▶ Material supplied

▬▬▬▬▬▬

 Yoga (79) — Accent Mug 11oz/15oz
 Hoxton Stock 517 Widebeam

▬▬▬▬▬▬

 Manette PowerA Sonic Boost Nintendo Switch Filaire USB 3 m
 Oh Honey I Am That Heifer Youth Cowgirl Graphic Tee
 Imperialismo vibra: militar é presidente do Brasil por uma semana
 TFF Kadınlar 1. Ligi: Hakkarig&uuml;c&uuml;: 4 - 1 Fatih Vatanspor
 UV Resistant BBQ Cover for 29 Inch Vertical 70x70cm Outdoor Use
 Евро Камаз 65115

▬▬▬▬▬▬

▶ Assignment
Precisely the lines between those holding "Yoga (79) — Accent Mug 11oz/15oz" and "Hoxton Stock 517 Widebeam", inclusive, are to be reproduced from the listing above, with nothing added.

▶ Answer space
 Yoga (79) — Accent Mug 11oz/15oz
 Hoxton Stock 517 Widebeam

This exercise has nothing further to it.